> **What to work on**
Your response should contain exactly the lines running from the one with "Papier Bleu Floral" to the end of the data below, both included, and no pictures.

Brief descriptive captions
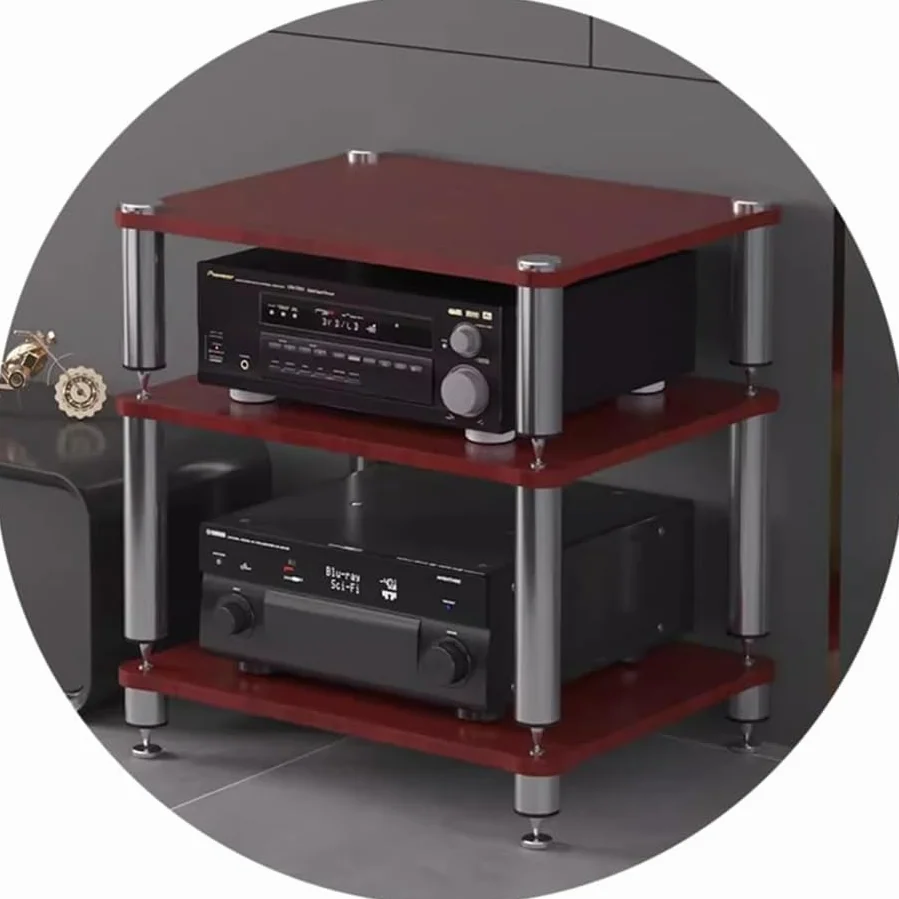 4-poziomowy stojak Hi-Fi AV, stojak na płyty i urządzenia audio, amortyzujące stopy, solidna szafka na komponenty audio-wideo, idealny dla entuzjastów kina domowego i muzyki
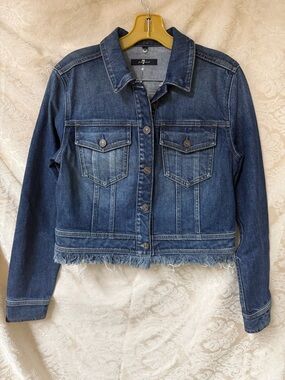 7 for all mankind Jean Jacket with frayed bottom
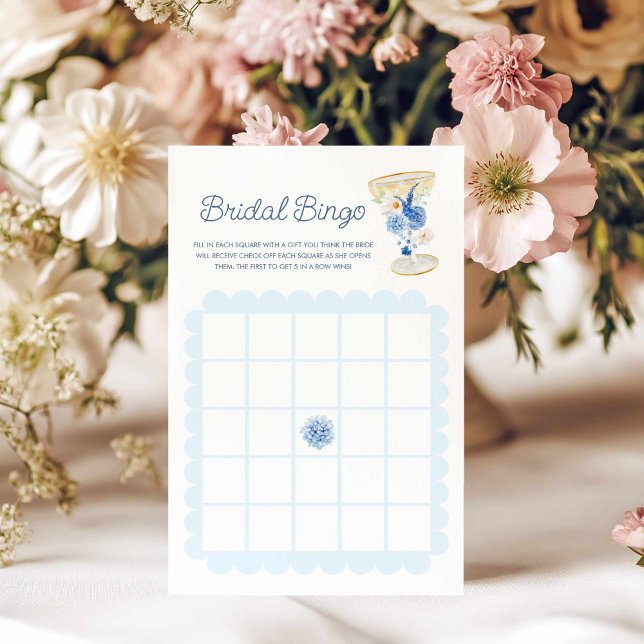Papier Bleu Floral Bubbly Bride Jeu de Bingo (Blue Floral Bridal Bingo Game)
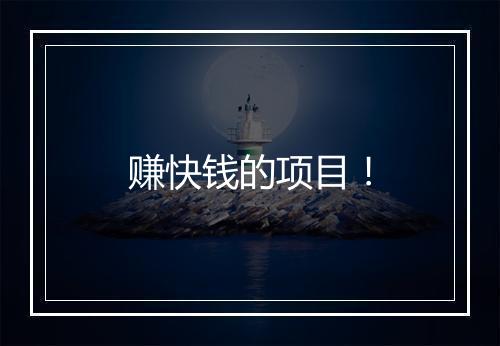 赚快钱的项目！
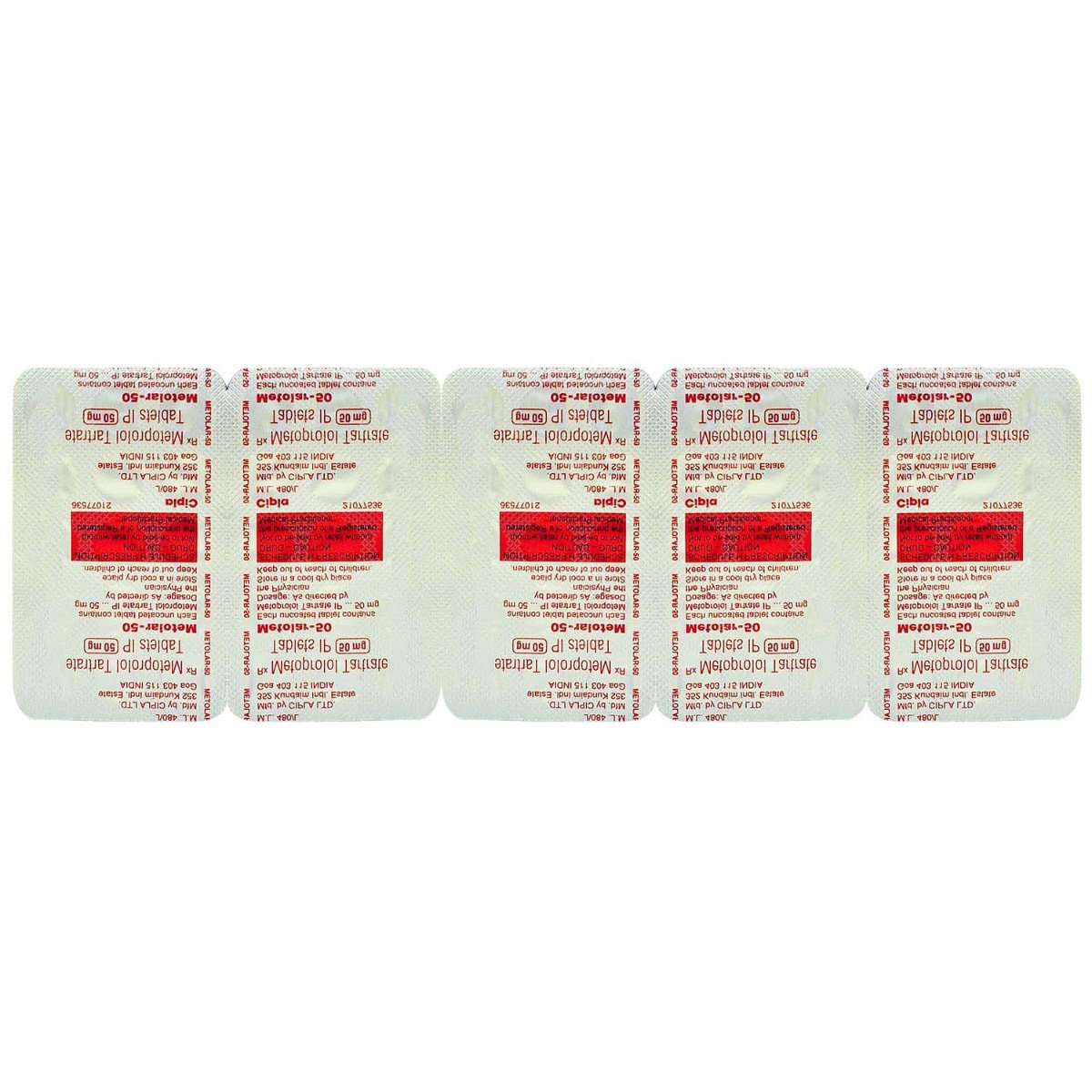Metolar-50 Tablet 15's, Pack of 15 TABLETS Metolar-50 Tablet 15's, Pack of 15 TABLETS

> **Solution for this task**
Papier Bleu Floral Bubbly Bride Jeu de Bingo (Blue Floral Bridal Bingo Game)
 赚快钱的项目！
Metolar-50 Tablet 15's, Pack of 15 TABLETS Metolar-50 Tablet 15's, Pack of 15 TABLETS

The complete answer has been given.